[Records for the exercise — start]
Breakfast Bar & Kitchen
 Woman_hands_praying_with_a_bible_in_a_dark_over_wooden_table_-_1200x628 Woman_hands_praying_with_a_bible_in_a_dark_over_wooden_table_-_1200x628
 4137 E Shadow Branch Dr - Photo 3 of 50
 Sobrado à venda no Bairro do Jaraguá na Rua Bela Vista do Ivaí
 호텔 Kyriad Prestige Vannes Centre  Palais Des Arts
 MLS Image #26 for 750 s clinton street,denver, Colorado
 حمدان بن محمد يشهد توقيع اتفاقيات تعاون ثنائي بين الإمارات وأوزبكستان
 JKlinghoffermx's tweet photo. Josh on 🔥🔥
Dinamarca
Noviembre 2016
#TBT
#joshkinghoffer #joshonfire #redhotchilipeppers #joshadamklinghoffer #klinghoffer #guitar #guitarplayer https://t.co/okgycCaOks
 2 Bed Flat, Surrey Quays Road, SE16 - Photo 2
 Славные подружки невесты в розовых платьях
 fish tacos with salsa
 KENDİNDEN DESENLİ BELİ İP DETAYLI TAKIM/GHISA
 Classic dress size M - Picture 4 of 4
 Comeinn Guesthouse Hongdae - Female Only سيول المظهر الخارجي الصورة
[Records for the exercise — finish]
In the data above, start at the line that has "JKlinghoffermx's tweet photo. Josh on 🔥🔥", stop after the line that has "Classic dress size M - Picture 4 of 4", and print every line in between exactly as it stands.

Exercise result
 JKlinghoffermx's tweet photo. Josh on 🔥🔥
Dinamarca
Noviembre 2016
#TBT
#joshkinghoffer #joshonfire #redhotchilipeppers #joshadamklinghoffer #klinghoffer #guitar #guitarplayer https://t.co/okgycCaOks
 2 Bed Flat, Surrey Quays Road, SE16 - Photo 2
 Славные подружки невесты в розовых платьях
 fish tacos with salsa
 KENDİNDEN DESENLİ BELİ İP DETAYLI TAKIM/GHISA
 Classic dress size M - Picture 4 of 4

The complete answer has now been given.